Veep’s third season begins in Iowa, where Selina Meyer (Julia Louis-Dreyfus), preparing to give a eulogy for a man she did not know, is signing copies of a book she did not write. (In a nice touch, HBO has sent copies of the book to reviewers. All the pages are empty.) Later, when Selina’s sprinting in a pre-dawn race to come up with a new abortion stance, an aide races to find a copy of the book—“I have a bunch of unsold ones in my car!”—and finds a passage on abortion that Selina’s overly competent aide Amy (Anna Chlumsky) reads aloud.
“Freedom is what this nation is built on, blah blah blah,” reads Amy, “and freedom means the freedom to choose how to use that freedom to protect the freedom of others.”
“That’s just pastel color shit,” sighs Selina, slumping into a chair. She struggles to come up with something better, something she actually believes, and gets fed up with herself—“Maybe I should just say, get the government out of my fuckin’ snatch.” But that can’t possibly work. Dan (Reid Scott), the affably soulless flack who actually wrote the book, draws up her options on a chart with lots of numbers and positions ranked according to poll data. It’s the only way out.

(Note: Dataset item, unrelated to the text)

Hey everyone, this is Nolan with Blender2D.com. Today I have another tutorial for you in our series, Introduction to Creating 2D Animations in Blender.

It’s a familiar Veep joke, but the context is new to this season. Veep’s never-seen president, who placed Selina on his ticket and trapped her in the Naval Observatory, is retiring after one disastrous term. Selina is running to replace him. Before now we’d only gotten quick glimpses of how she campaigns, in a quick stump speech montage and in the few seconds of headlines that run in the opening credits. This is what she’s supposed to be good at, liberated by.

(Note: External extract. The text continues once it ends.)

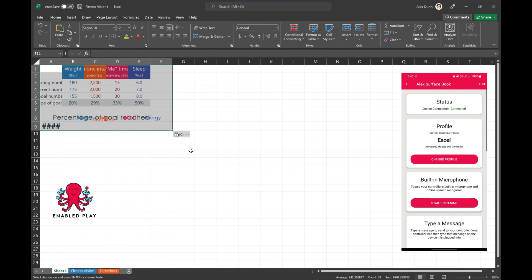We're even able to navigate around and control across different sheets using common voice commands faster than we can do with our hands.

But she’s still trapped. There are icons of failure all around her, starting with the departing president’s exiled chief of staff, Ben (Kevin Dunn) and his pollster, Kent (Gary Cole). Selina had called Ben a “burned-out loser.” She wasn’t wrong. Yet she ends up keeping him around, conferencing into calls to blacken the mood, warning the rest of her staff of the failure and weight gain that they’re in for this campaign. He owns every scene he’s in—an Obi Wan Kenobi of quiet despair.

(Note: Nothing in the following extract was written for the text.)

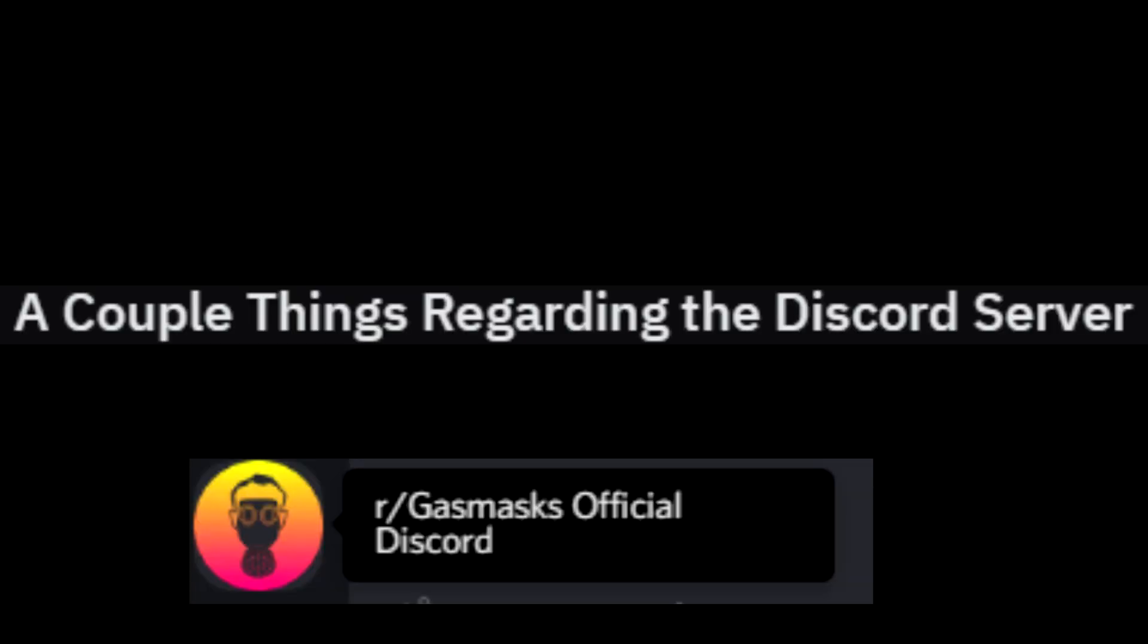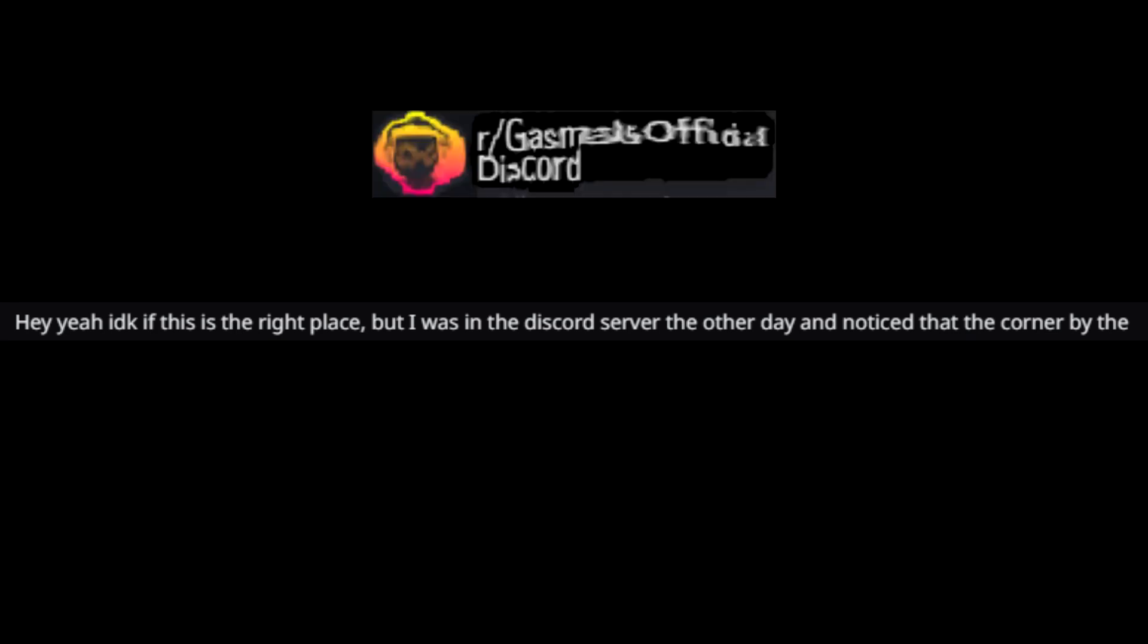Hey, I don't know if this is the right place, but I was in the Discord server the other day and noticed that the corner by the vending machines smells like pee. I'm not asking who did it or when, but just wanted to mention it.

And he’s a perfect contrast with Jonah (Timothy Simons), the White House liaison who [spoiler ahead] is fired in the first episode of the season. Veep is the most relatable of the current crop of Washington shows, and Jonah was, regrettably, the character with the most analogues in the real city. The joke could go no further, so Iannucci came up with a better one. The defenestrated Jonah immediately becomes a highly touted blogger, landing on MSNBC after he cuts a viral video.
I didn’t think Veep needed even more jokes about the media, but this one works. Jonah is more powerful as an “observer” than he ever was in the White House. He knows where to be when Selina’s team is humiliating itself. He knows whether to record it himself or peddle it to a reporter. “We put it out there and something will arrive that backs it up,” he explains to a co-blogger. “That’s journalism 101.”
Jonah is awful, obviously. His success says little about his talent and everything about his material. The pre-primary stage of a presidential race, which (lucky for HBO) can last more than a year, is a cavalcade of suck-ups and meaningless events and news cycles that can be thrown by a gaffe or a small change to a speech. The best of the Veep episodes screened for critics takes place on the day Selina announces her candidacy, much of it spent trapped in a room with yet another chart. This one has the faces of the average Americans Selina plans to single out, as they stand behind her in a rainbow of poll-tested diversity.
“Thanks to Saturday Night Live, we need to take Disabled Farmer off the steps,” says Kent.
“We can’t lose the farmer, because then we’d need to get rid of the New York fitness guy,” says Dan.
The press is in a holding room, waiting for scraps from the speech. So is one of the average Americans, who might be taken off the white board if one senator decides that particular issue is too costly. “I’m supposed to let a bunch of dead-eyed white guys shit all over everything I stand for?” asks Selina. The day drags on. The senator keeps balking. With even greater passion than before, Selina convinces herself to cave.
“I’ve decided that I’m going to let them dictate to me,” she says, in a mode somewhere between a nervous breakdown and the St. Crispin’s Day speech. “That is my decision. I am letting them do that. But they do not own me!”
The scene is simultaneously funny and soul crushing, like the best of Veep or of Iannucci’s other shows. By the end of the episode, Selina has worked a kind of miracle that lets her disappoint the senator and the citizen equally. She does so in a way that the media can’t cover. In another episode, she takes a stand and keeps Dan on her staff instead of hiring an operative described as “Dan without the 5 percent that needs to be loved.” Nobody points out that the 95 percent that remains, as Selina herself once called it, is “shit.” If words don’t matter, why should numbers?